The majority’s characterization of this history as a “manipulation,” ante, ¶ 26, is simply puzzling. The unchallenged findings are expressly set forth in the family court’s September 13, 2002 order, and are referenced again at length in its February 23, 2006 order. The majority adds, correctly, that mother did obtain a temporary relief-from-abuse order in Massachusetts in 2000 limiting father to supervised visitation, but omits the Vermont family court’s finding that when father contested and was in the process of litigating those issues and restrictions, mother “removed herself from the jurisdiction” of Massachusetts. The family court’s findings, its chronology of events, and the fact that mother abducted the child, are *485not disputed. While these facts may not serve the majority’s perception of the case, there is no manipulation of the settled facts as found by the family court.

The psychologist’s report, apparently based on information supplied by mother and an interview with the child, simply assumes father battered mother and threatened his child, and recommends against contact with father without some extended preparation. The Quebec court relied on the report in assessing its retention of jurisdiction. It cannot be determined from the record if the author, or mother, was subjected to cross-examination, or if the report was subject to challenge in Quebec. It is clear from the record, however, that mother presented no evidence of abuse nor evidence concerning the best interests of the child to the Vermont family court.

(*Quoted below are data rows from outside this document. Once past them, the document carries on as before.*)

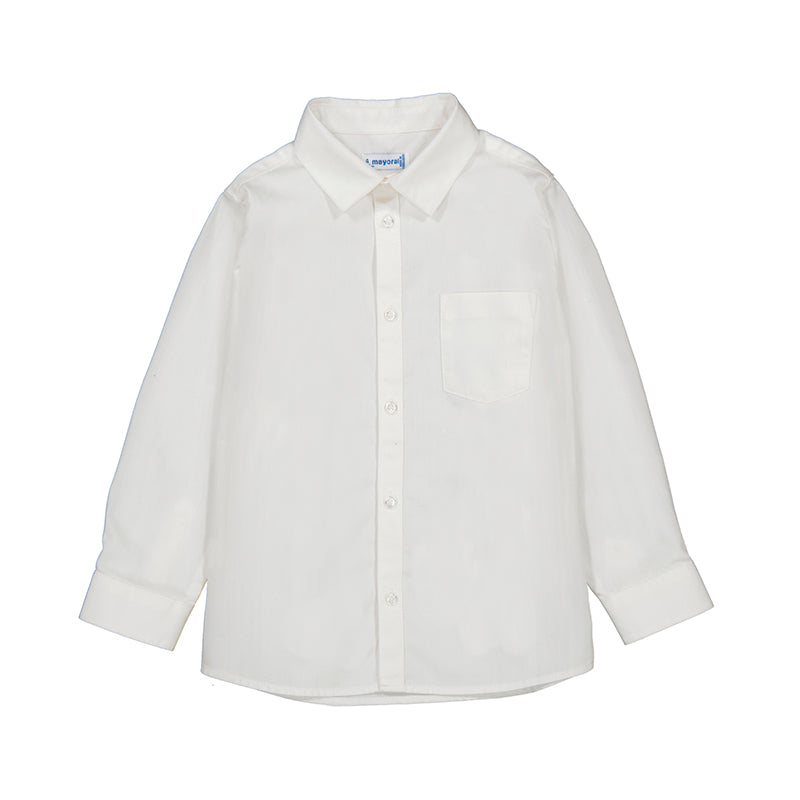 Camisa m/l basica 146 blanco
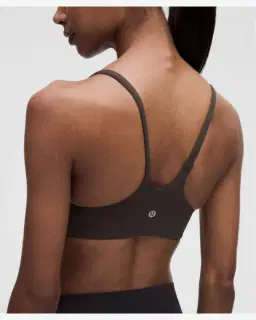 Lululemon brassière wunder train dos nageur à fines bretelles maintien léger, bonnets a b Femme – 5/5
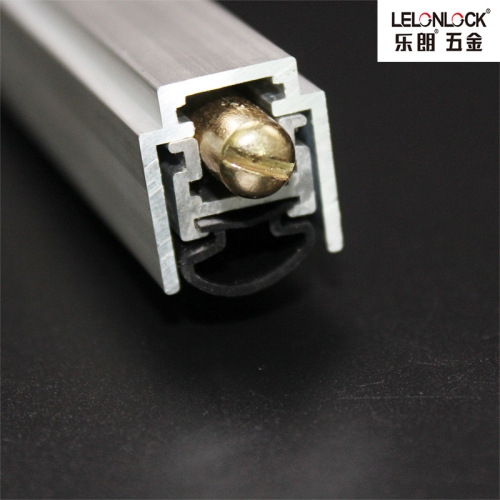 Door bottom automatic lifting dustproof soundproof strip door gap dustproof wholesale hotel room door U-shaped aluminum alloy sealing strip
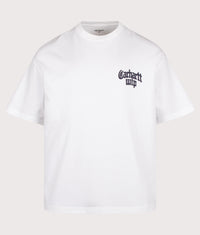 Oversized Fit Blackletter T-Shirt: 02XX White 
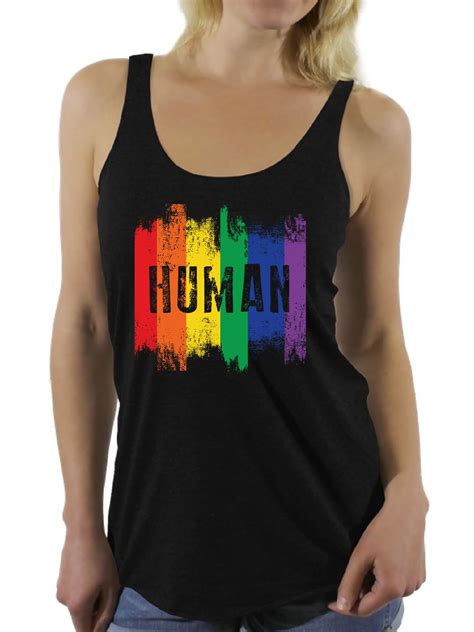Awkward Styles Human Racerback Tank Top Human Shirt For Women Gay Tanks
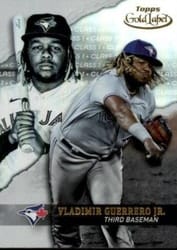 2020 Topps Gold Label Base Set Vladimir Guerrero Jr. #96 card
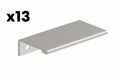 13 x Streamline II 3 in. Center-to-Center (76 Mm) Modern Satin Nickel Cabinet Edge Pull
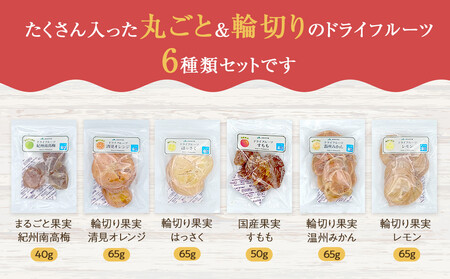 和歌山県産 丸ごと＆輪切り ドライフルーツ 6種類セット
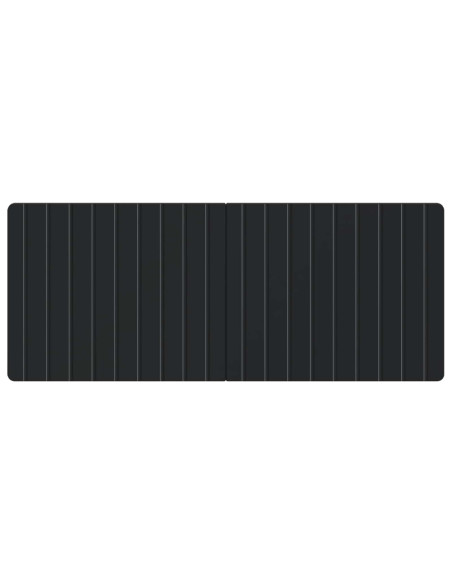 Testiera da Muro ZWOLLE Nero Legno ingegnerizzato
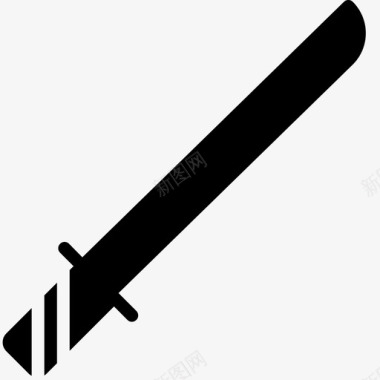 武士刀防御武士图标图标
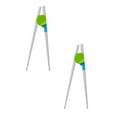 thumbnail image 1 of 2 Pairs Easy To Use Cheater Training Chopsticks For Children And Adults Learning Chopstick Detachable For Beginners One Size Abs Gift, 1 of 3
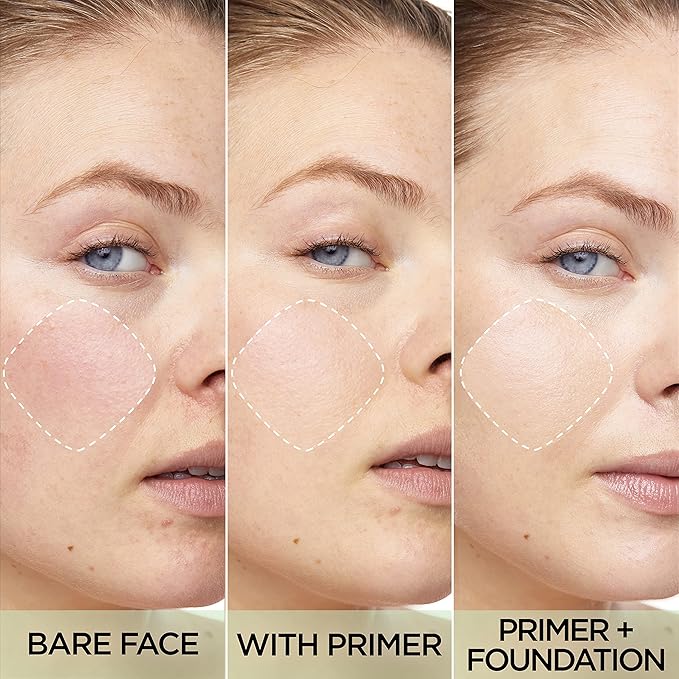 L'Oreal Paris Prime Lab Up to 24H Redness Eraser Face Primer Infused with Niacinamide to Reduce Face Redness and Extend Makeup Wear, 1.01 Fl Oz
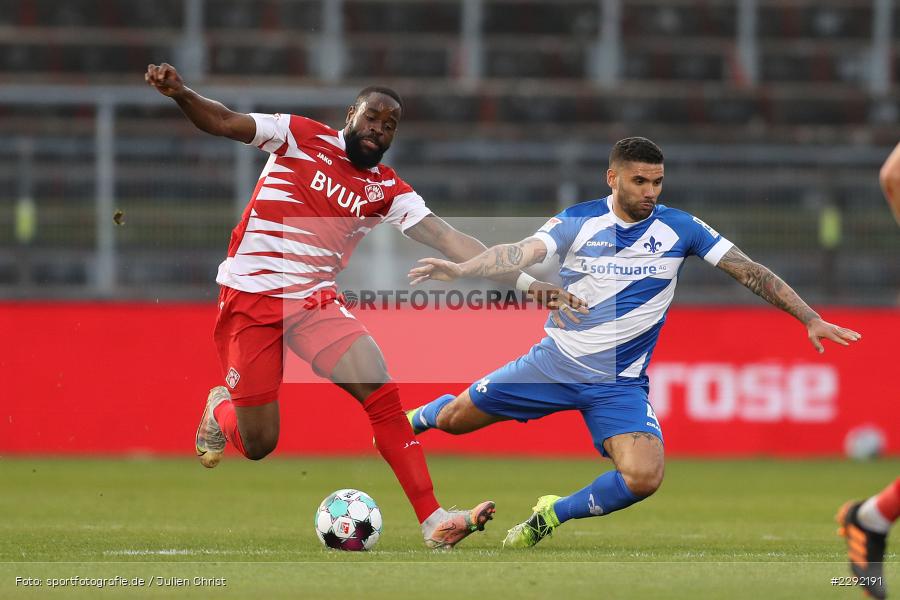 Victor Palsson, Ridge Munsy, FLYERALARM-Arena, Würzburg, 20.04.2021, DFL, sport, action, Fussball, Deutschland, April 2021, Saison 2020/2021, SVD, FWK, Bundesliga, 2. Bundesliga, SV Darmstadt 98, FC Würzburger Kickers - Bild-ID: 2292191 Victor Palsson, Ridge Munsy, FLYERALARM-Arena, Würzburg, 20.04.2021, DFL, sport, action, Fussball, Deutschland, April 2021, Saison 2020/2021, SVD, FWK, Bundesliga, 2. Bundesliga, SV Darmstadt 98, FC Würzburger Kickers - Bild-ID: 2292191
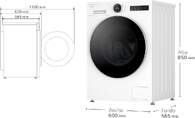 Lavadora LG F4X9009TWCE LVD. LG F4X9009TWCE 9K 1400R TBWASH BCA
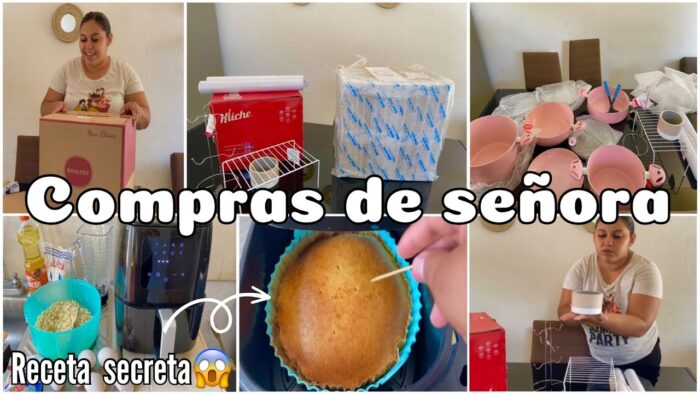 Probando Freidora de Aire RAMJOY✅ | Receta pan de Elote🌽| Compras acumuladas 🛍️ #haul #amadecasa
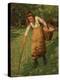 The Wool Gatherer-Henry Herbert La Thangue-Premier Image Canvas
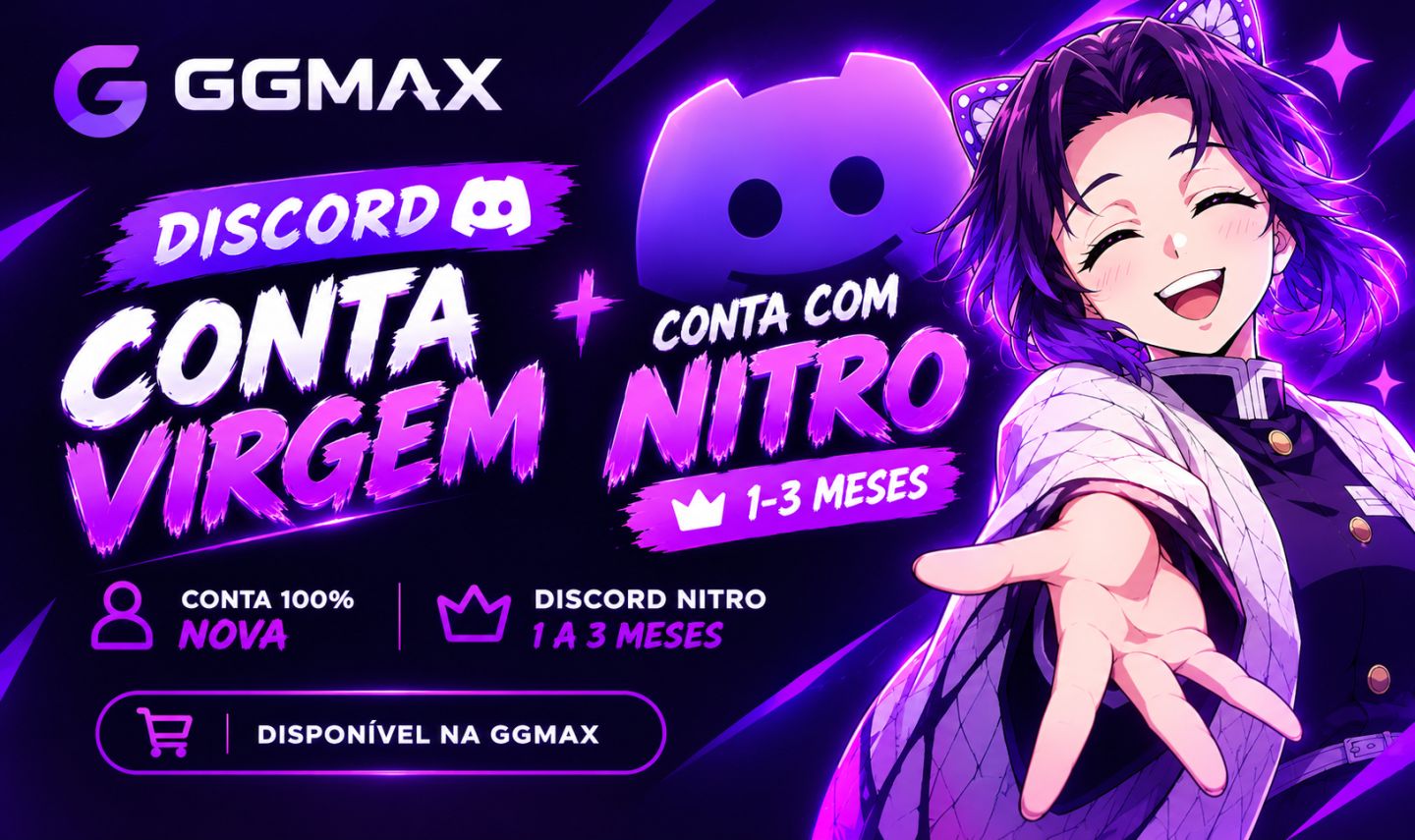 CONTAS DISCORD COM NITRO OU SEM e Virgem +30 dias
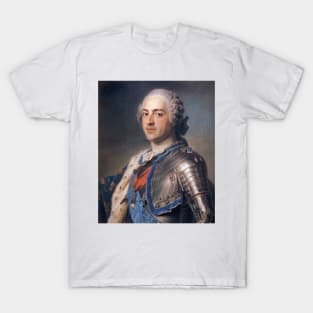 Portrait of Louis XV of France - Maurice Quentin de La Tour T-Shirt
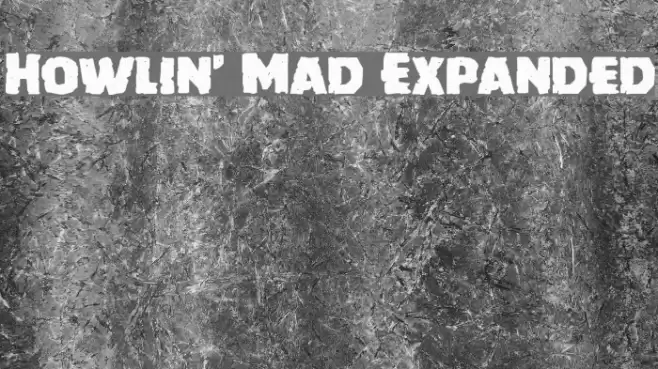 Howlin' Mad Expanded Font examples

The majority intones, without evidence, that this is “one of those rare instances justifying relief’ and “does not represent an abandonment of the rule.” Ante, ¶ 27. As acknowledged by the majority, the power to reform a judgment under Rule 60 in special circumstances must be exercised “guardedly.” Levinsky v. State, 146 Vt. 316, 318, 503 A.2d 534, 536 (1985). Mother’s situation is no different from the Rule 60 claim rejected in Levinsky, wherein this Court explained that such extraordinary powers are not for situations where a litigant “realizes he made an error in judgment,” and there is no showing “that mistake, accident, or fraud prevented appellant from presenting a meritorious defense in the original proceeding.” Id. at 319, 503 A.2d at 537.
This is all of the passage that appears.